UNITED STATES DISTRICT COURT NORTHERN DISTRICT OF OHIO EASTERN DIVISION
Apr 6, 2016
CASE NO. 1:11CV1060 (N.D. Ohio Apr. 6, 2016)

Opinion

CASE NO. 1:11CV1060

04-06-2016

THE SIDING AND INSULATION CO., PLAINTIFF, v. ALCO VENDING, INC., DEFENDANT.


MEMORANDUM OPINION

This matter comes before the Court upon the motion of defendant, Alco Vending, Inc., to show cause why plaintiff, The Siding and Insulation Company, should not be held in contempt for failing to pay costs in the amount of $3,457.55, as ordered by the Court. (Doc. No. 93 ("Show Cause Mot.").) Plaintiff opposes the motion, and has filed a cross-motion to stay enforcement of the Court's judgment pending appeal. (Doc. No. 94 ("Mot. Stay").) As part of its cross-motion, plaintiff requests that the Court waive the bond requirement. Defendant opposes the cross-motion for a stay (Doc. No. 95 ("Opp'n")), and plaintiff has filed a reply. (Doc. No. 96 ("Reply").)

I. BACKGROUND

On April 22, 2015, the Court issued an order adopting a Report & Recommendation that recommended that defendant's motion for summary judgment as to plaintiff's claims for alleged receipt of unsolicited facsimiles in violation of the Telephone Consumer Protection Act ("TCPA") be granted and the case be dismissed. (Doc. No. 81; Doc. No. 82; see Doc. No. 56.) As part of its order, the Court declined to exercise supplemental jurisdiction over plaintiff's state law claims. On May 18, 2015, plaintiff filed a notice of appeal from the Court's judgment in the Sixth Circuit Court of Appeals, and the appeal remains pending. (Doc. No. 85.)

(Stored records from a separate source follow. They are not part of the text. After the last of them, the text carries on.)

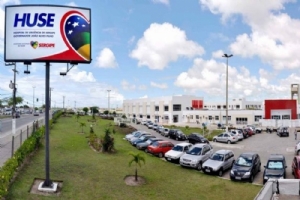 huse23 03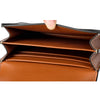 CELINE Trionf Business-Kartenetui 159330409 [P]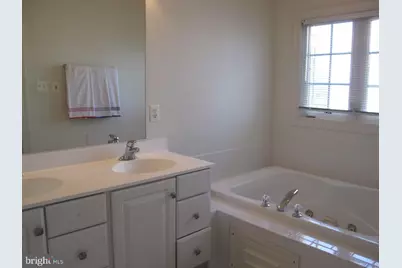 14051 Rockingham Road, Germantown, MD 20874 - Photo 15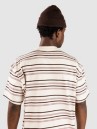 Dickies East Liberty Stripe T-Shirt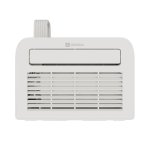 Ar Condicionado Portátil Origial Airfeel Caravan 700 2.800 BTU R290 Silencioso Desumidificador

The Clerk of Courts assessed costs against plaintiff in the amount of $4,518.16. (Doc. No. 84.) Plaintiff moved for a review of the cost determination (Doc. No. 86), and, on August 24, 2015, the Court issued an order adopting a Report & Recommendation that reduced costs by $1,060.61, for a final amount of costs due and owing defendant of $3,457.55. (Doc. No. 92; see Doc. No. 91.) Following the assessment of final costs against plaintiff, defendant's counsel sent a letter to plaintiff's counsel requesting payment of costs within 10 days. (Doc. No. 93-2.) When payment was not forthcoming, defendant filed the present motion to show cause. Defendant seeks the amount of the cost award, plus interest and costs associated with the filing of the motion to show cause.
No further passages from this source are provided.